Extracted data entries
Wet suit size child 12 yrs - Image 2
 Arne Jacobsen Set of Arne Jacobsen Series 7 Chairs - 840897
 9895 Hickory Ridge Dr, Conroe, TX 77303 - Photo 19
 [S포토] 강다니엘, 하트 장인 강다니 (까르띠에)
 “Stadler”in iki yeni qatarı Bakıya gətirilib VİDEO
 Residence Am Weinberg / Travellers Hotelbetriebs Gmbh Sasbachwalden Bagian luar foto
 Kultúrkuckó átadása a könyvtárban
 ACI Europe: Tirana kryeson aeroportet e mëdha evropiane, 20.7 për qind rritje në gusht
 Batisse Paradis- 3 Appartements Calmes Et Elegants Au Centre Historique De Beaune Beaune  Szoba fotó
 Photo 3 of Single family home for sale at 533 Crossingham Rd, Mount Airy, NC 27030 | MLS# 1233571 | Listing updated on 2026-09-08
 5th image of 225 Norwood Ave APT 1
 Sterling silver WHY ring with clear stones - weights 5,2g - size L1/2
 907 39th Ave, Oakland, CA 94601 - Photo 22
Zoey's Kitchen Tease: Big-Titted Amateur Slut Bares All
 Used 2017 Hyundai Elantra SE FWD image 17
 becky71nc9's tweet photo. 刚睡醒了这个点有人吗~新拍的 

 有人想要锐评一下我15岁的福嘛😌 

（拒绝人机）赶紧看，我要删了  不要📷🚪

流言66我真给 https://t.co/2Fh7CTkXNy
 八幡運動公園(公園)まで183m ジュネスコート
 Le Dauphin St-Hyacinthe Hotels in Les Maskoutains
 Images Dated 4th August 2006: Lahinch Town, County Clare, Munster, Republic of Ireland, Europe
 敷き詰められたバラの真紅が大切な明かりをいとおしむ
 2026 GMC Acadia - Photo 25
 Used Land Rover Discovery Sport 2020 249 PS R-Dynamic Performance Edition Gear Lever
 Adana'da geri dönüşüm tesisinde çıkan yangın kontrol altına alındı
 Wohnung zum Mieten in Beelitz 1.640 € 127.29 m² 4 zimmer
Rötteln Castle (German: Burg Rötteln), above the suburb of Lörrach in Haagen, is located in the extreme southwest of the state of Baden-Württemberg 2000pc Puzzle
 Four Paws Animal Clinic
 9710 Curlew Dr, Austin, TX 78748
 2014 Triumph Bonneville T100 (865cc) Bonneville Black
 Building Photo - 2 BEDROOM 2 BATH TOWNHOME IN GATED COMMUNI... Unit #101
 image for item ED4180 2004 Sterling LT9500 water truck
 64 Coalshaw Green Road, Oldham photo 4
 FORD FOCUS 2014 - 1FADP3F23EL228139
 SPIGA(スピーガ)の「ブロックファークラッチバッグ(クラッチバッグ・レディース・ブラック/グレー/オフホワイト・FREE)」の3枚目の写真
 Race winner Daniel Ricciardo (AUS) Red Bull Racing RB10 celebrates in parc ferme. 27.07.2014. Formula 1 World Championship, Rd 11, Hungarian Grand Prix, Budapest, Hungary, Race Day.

**What you should do:** Using the entries above, output exactly the lines between the line holding "Images Dated 4th" and the line holding "Wohnung zum Mieten", end lines included, and nothing more.

**Worked solution:**
 Images Dated 4th August 2006: Lahinch Town, County Clare, Munster, Republic of Ireland, Europe
 敷き詰められたバラの真紅が大切な明かりをいとおしむ
 2026 GMC Acadia - Photo 25
 Used Land Rover Discovery Sport 2020 249 PS R-Dynamic Performance Edition Gear Lever
 Adana'da geri dönüşüm tesisinde çıkan yangın kontrol altına alındı
 Wohnung zum Mieten in Beelitz 1.640 € 127.29 m² 4 zimmer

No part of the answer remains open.